Bangladeş’e sığınan binlerce kadın mülteci, kamp koşullarıyla başa çıkmış görünüyor.
Ancak Myanmar güvenlik güçleri tarafından cinsel taciz ve şiddete maruz kalan birçok kadın travma sonrası stres bozukluğu ve depresyonun kalıcı etkileriyle karşı karşıya.
Arakanlı büyükanne Rejina’nın aklı, Myanmarlı askerler köylerine saldırdığından beri ulaşamadığı torununda.

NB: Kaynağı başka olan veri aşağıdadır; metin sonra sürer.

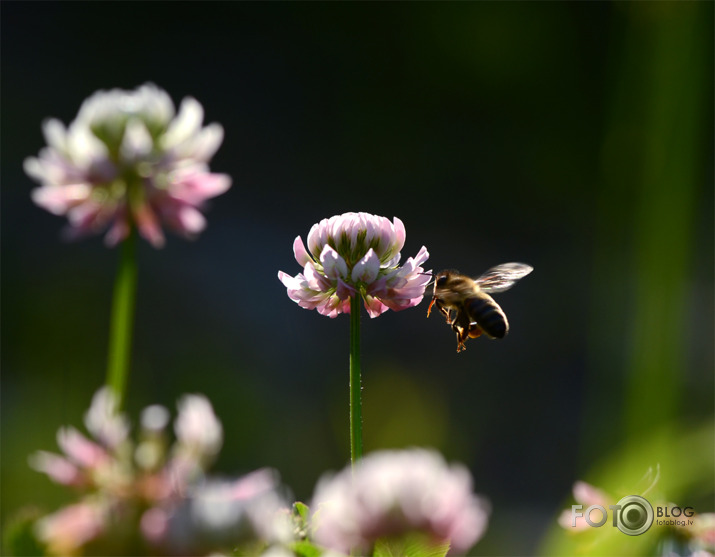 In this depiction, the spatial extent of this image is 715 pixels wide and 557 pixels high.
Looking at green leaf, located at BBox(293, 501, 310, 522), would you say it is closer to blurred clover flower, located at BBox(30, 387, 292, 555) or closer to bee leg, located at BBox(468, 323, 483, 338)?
blurred clover flower, located at BBox(30, 387, 292, 555)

Rejina, “Askerlerin torunumun evine girerek, istedikleri her şeye el koyarak, onu da alıkoyduklarını anlattılar bana. Ben görmedim. Bana anlatılanlar böyle. Girdikleri evlerdeki genç kadınları alıkoyuyorlar. Birçoğuna da tecavüz ediliyor,” diyor.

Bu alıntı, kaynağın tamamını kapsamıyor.